Genetics and Molecular Biology Research Unit-UPGEM, São José do Rio Preto Medical School-FAMERP, Av. Brigadeiro Faria Lima, N masculine 5416, Bloco U-6, São José do Rio Preto, SP, 15.090-000, Brazil.
J Thromb Thrombolysis. 2010 Jan;29(1):32-40. doi: 10.1007/s11239-009-0321-7. Epub 2009 Mar 13.
Alterations in the enzymes involved in homocysteine (Hcy) metabolism or vitamin deficiency could play a role in coronary artery disease (CAD) development. This study investigated the influence of MTHFR and MTR gene polymorphisms, plasma folate and MMA on Hcy concentrations and CAD development. MMA and folate concentrations were also investigated according to the polymorphisms.
Two hundred and eighty-three unrelated Caucasian individuals undergoing coronary angiography (175 with CAD and 108 non-CAD) were assessed in a case-control study. Plasma Hcy and MMA were measured by liquid chromatography/tandem mass spectrometry. Plasma folate was measured by competitive immunoassay. Dietary intake was evaluated using a nutritional questionnaire. Polymorphisms MTHFR and MTR were investigated by polymerase chain reaction (PCR) followed by enzyme digestion or allele-specific PCR.
Hcy mean concentrations were higher in CAD patients compared to controls, but below statistical significance (P = 0.246). Increased MMA mean concentrations were frequently observed in the CAD group (P = 0.048). Individuals with MMA concentrations >0.5 micromol/l (vitamin B(12) deficiency) were found only in the CAD group (P = 0.004). A positive correlation between MMA and Hcy mean concentrations was observed in both groups, CAD (P = 0.001) and non-CAD (P = 0.020). MMA mean concentrations were significantly higher in patients with hyperhomocysteinemia in both groups, CAD and non-CAD (P = 0.0063 and P = 0.013, respectively). Folate mean concentration was significantly lower in carriers of the wild-type MTHFR 1298AA genotype (P = 0.010).
Our results suggest a correlation between the MTHFR A1298C polymorphism and plasma folate concentration. Vitamin B(12) deficiency, reflected by increased MMA concentration, is an important risk factor for the development both of hyperhomocysteinemia and CAD.
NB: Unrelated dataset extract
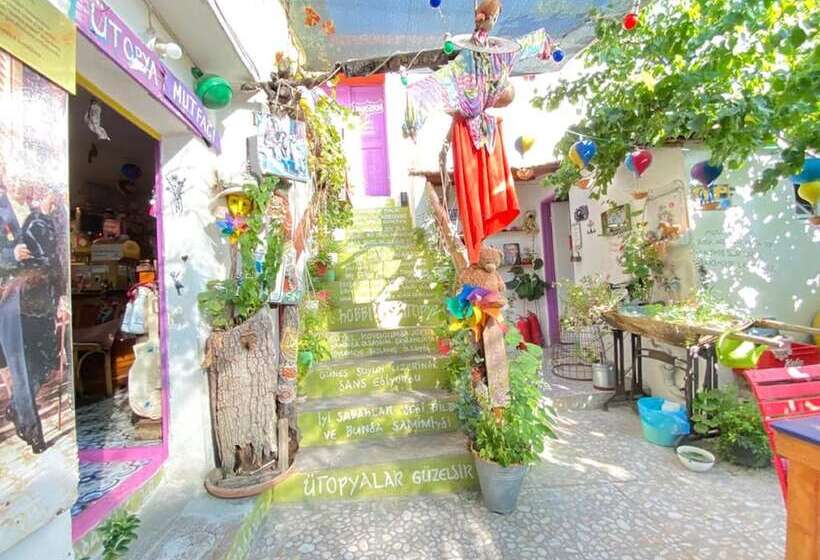 צימר Mell10 House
同型半胱氨酸(Hcy)代谢或维生素缺乏相关酶的改变可能在冠状动脉疾病(CAD)的发展中起作用。本研究调查了 MTHFR 和 MTR 基因多态性、血浆叶酸和 MMA 对 Hcy 浓度和 CAD 发展的影响。还根据多态性研究了 MMA 和叶酸浓度。
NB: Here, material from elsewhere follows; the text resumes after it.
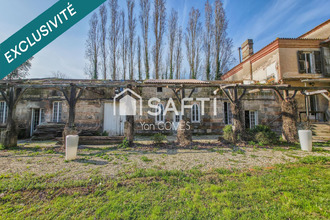 achat maison bourran 47320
在一项病例对照研究中,评估了 283 名无关的白种人接受冠状动脉造影(CAD 患者 175 名,非 CAD 患者 108 名)。通过液相色谱/串联质谱法测量血浆 Hcy 和 MMA。通过竞争免疫测定法测量血浆叶酸。使用营养问卷评估膳食摄入量。通过聚合酶链反应(PCR)后酶消化或等位基因特异性 PCR 研究 MTHFR 和 MTR 多态性。
与对照组相比,CAD 患者的 Hcy 平均浓度较高,但无统计学意义(P = 0.246)。在 CAD 组中经常观察到 MMA 平均浓度升高(P = 0.048)。仅在 CAD 组中发现 MMA 浓度>0.5μmol/L(维生素 B12 缺乏)的个体(P = 0.004)。在两组(CAD 和非 CAD)中均观察到 MMA 和 Hcy 平均浓度之间存在正相关(CAD,P = 0.001;非 CAD,P = 0.020)。在两组(CAD 和非 CAD)中,高同型半胱氨酸血症患者的 MMA 平均浓度均显著升高(P = 0.0063 和 P = 0.013)。MTHFR 1298AA 野生型基因型携带者的叶酸平均浓度显著降低(P = 0.010)。
我们的结果表明 MTHFR A1298C 多态性与血浆叶酸浓度之间存在相关性。MMA 浓度升高反映的维生素 B12 缺乏是高同型半胱氨酸血症和 CAD 发展的重要危险因素。